##### SUPPLIED RECORDS
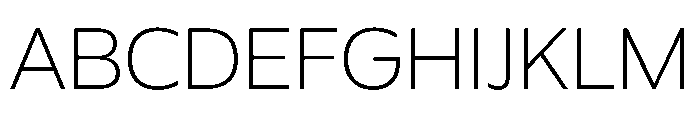 Plang SemiExpandedThin Instance Font UPPERCASE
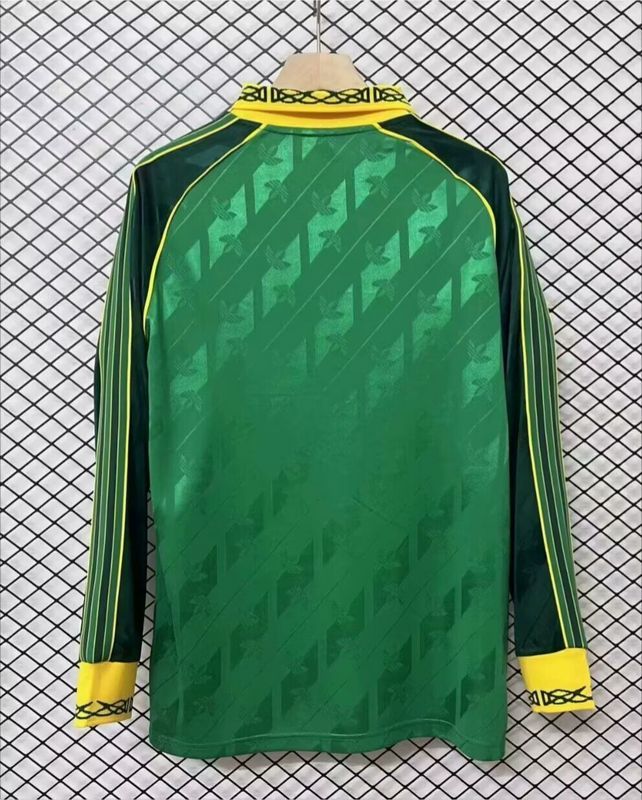 Long Sleeve Retro Model 2024-2025 Celtic Green Soccer Jersey Football Shirt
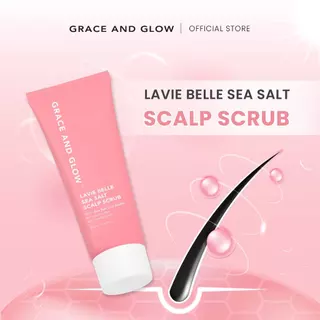 Grace and Glow Lavie Belle Sea Salt Scalp Scrub - สครับหนังศีรษะ ลดความมันส่วนเกิน บำรุงเส้นผมให้แข็งแรงเงางาม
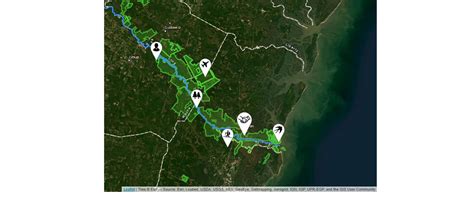 Altamaha River map of protected lands | FWS.gov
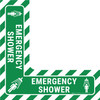 Emergency Shower - Floor Sign Corner Emergency Shower - Floor Sign Corner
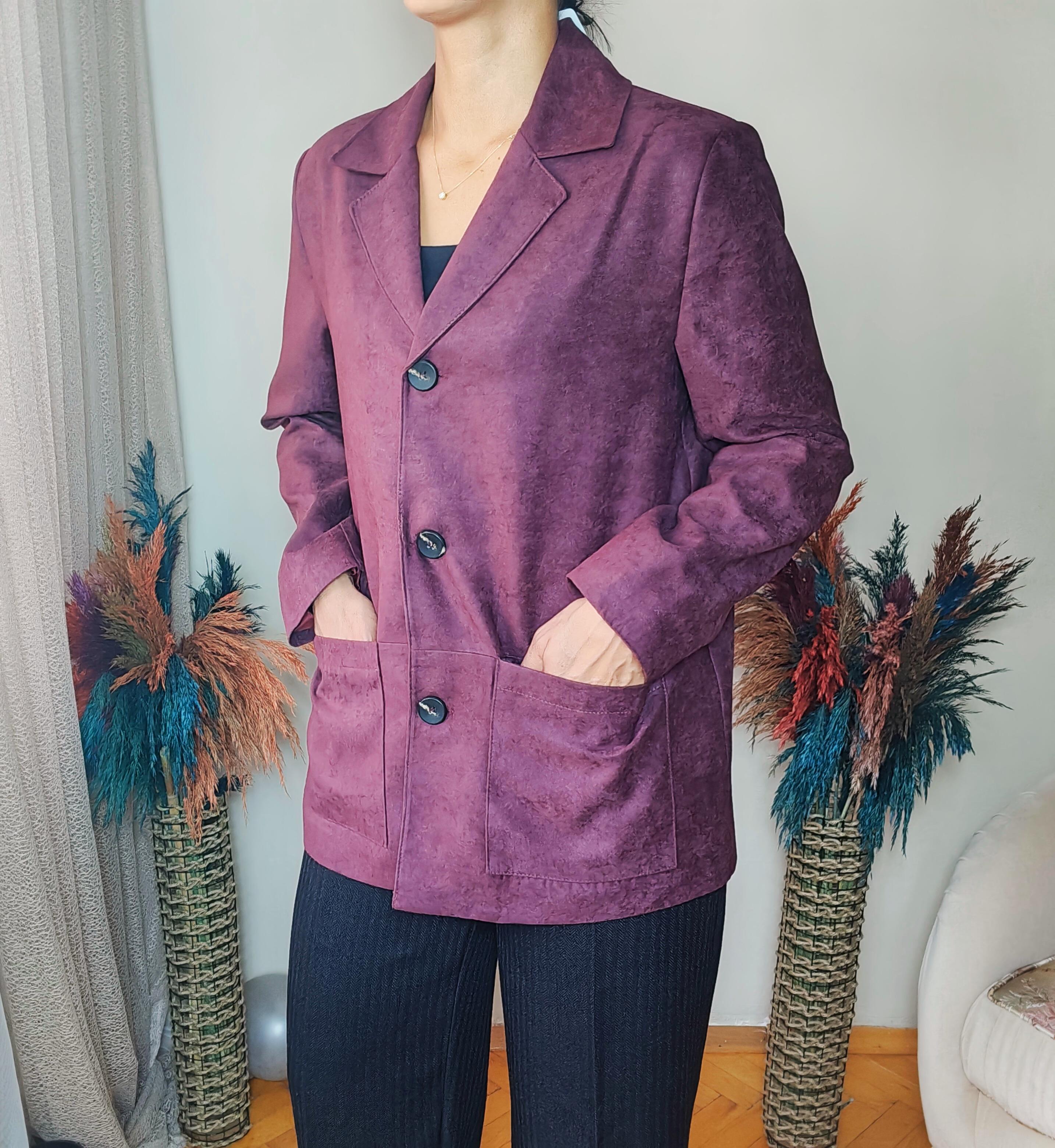 Mürdüm Blazer Ceket
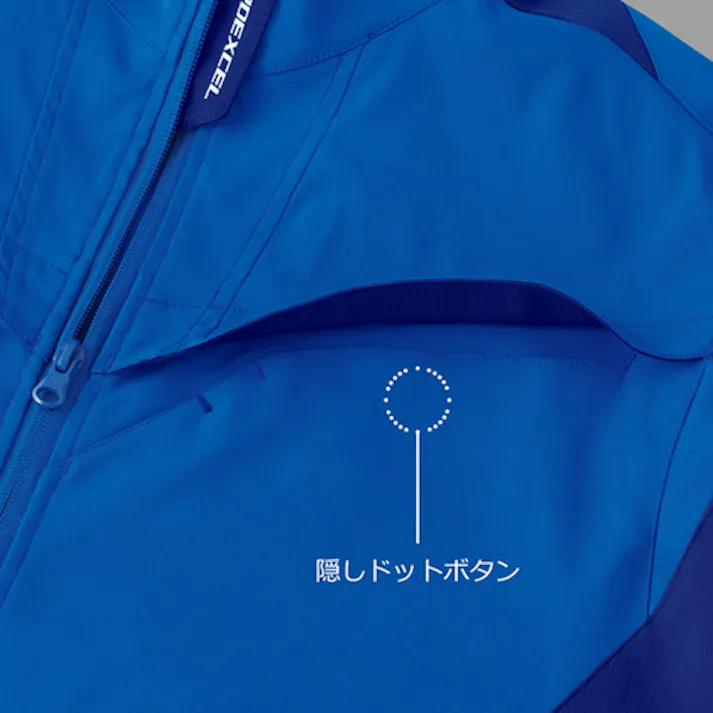 【CAINZ-DASH】ミドリ安全 ハイストレッチブルゾン VE623 上 ロイヤルブルー 3L VE623-UE-3L【別送品】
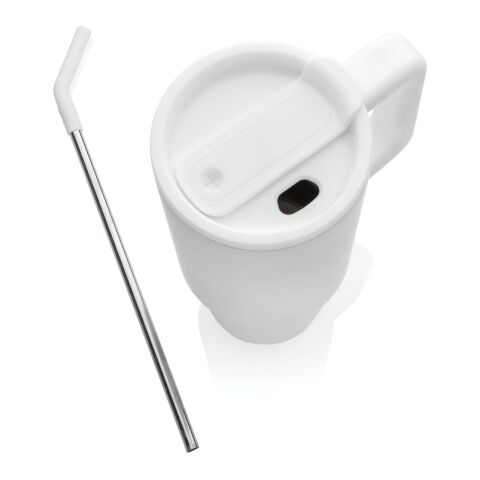 Mug 900ml en acier inoxydable recyclé Embrace RCS Blanc | sans marquage | non disponible | non disponible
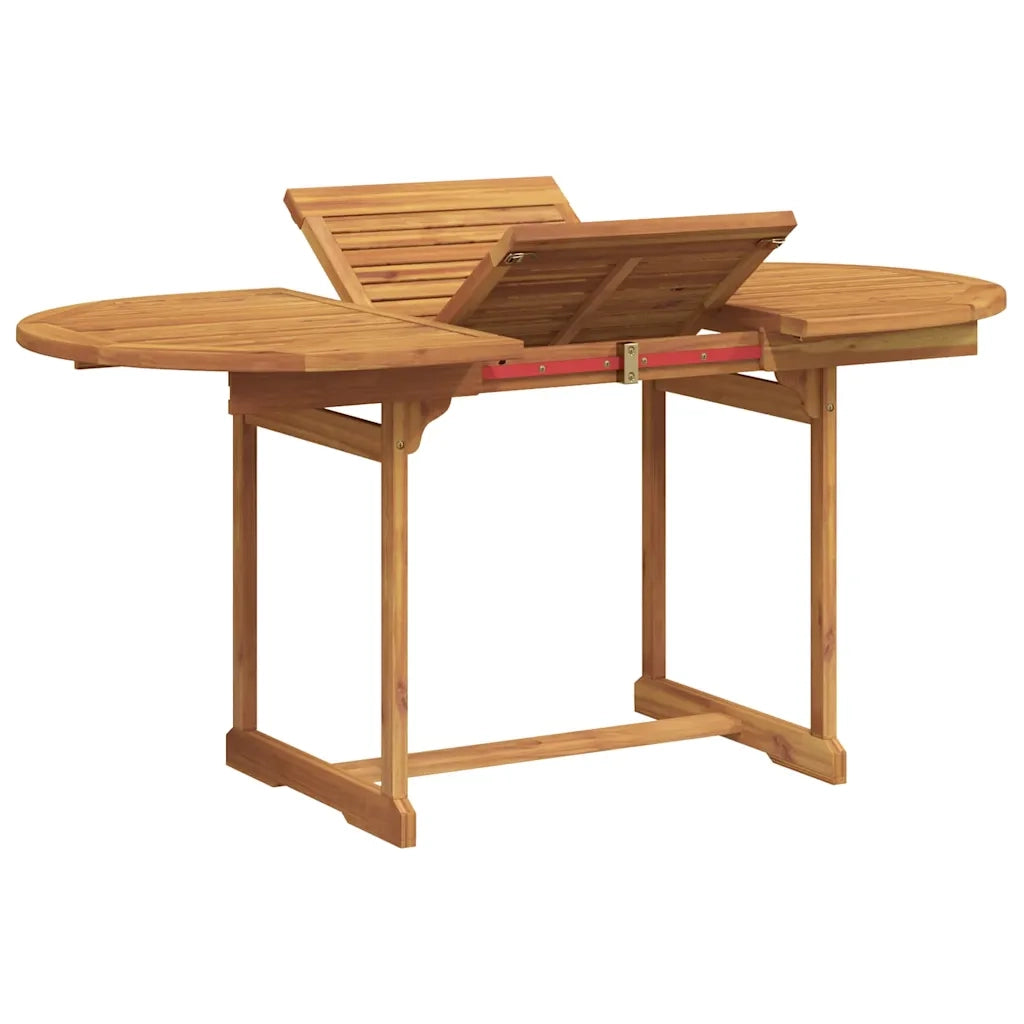 Set Pranzo da Giardino 5pz Legno Massello di Acacia e Textilene 3279322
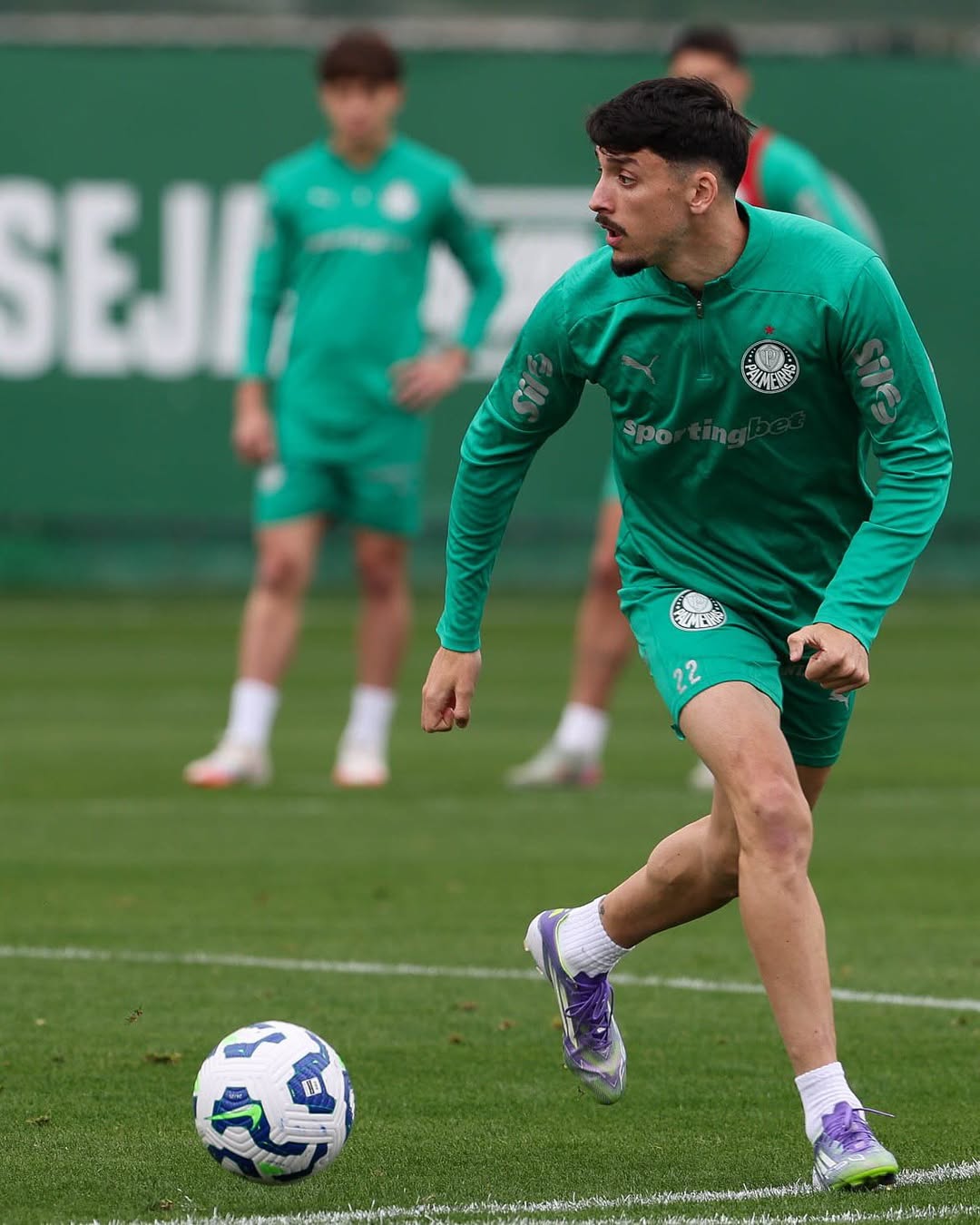 Sesi latihan Palmeiras jelang laga menghadapi Ceara di pekan ke-19 Serie A Brasil 2025.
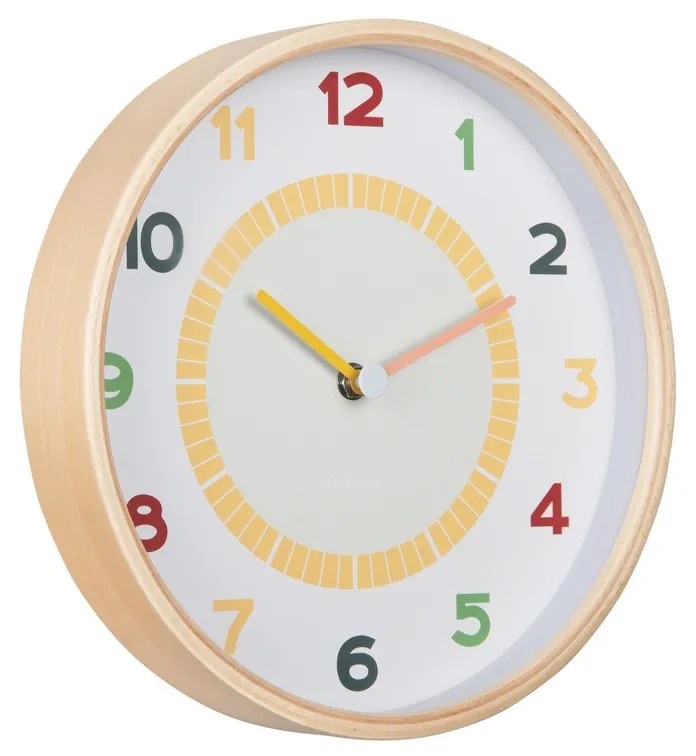 Karlsson 5962MC ceas de perete design galben,diametru 25 cm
##########
# REQUIRED WORK:
Give back the entries verbatim. Do not include any picture.

# ANSWER BOX:
 Plang SemiExpandedThin Instance Font UPPERCASE
 Long Sleeve Retro Model 2024-2025 Celtic Green Soccer Jersey Football Shirt
 Grace and Glow Lavie Belle Sea Salt Scalp Scrub - สครับหนังศีรษะ ลดความมันส่วนเกิน บำรุงเส้นผมให้แข็งแรงเงางาม
 Altamaha River map of protected lands | FWS.gov
 Emergency Shower - Floor Sign Corner Emergency Shower - Floor Sign Corner
 Mürdüm Blazer Ceket
 【CAINZ-DASH】ミドリ安全 ハイストレッチブルゾン VE623 上 ロイヤルブルー 3L VE623-UE-3L【別送品】
 Mug 900ml en acier inoxydable recyclé Embrace RCS Blanc | sans marquage | non disponible | non disponible
 Set Pranzo da Giardino 5pz Legno Massello di Acacia e Textilene 3279322
 Sesi latihan Palmeiras jelang laga menghadapi Ceara di pekan ke-19 Serie A Brasil 2025.
 Karlsson 5962MC ceas de perete design galben,diametru 25 cm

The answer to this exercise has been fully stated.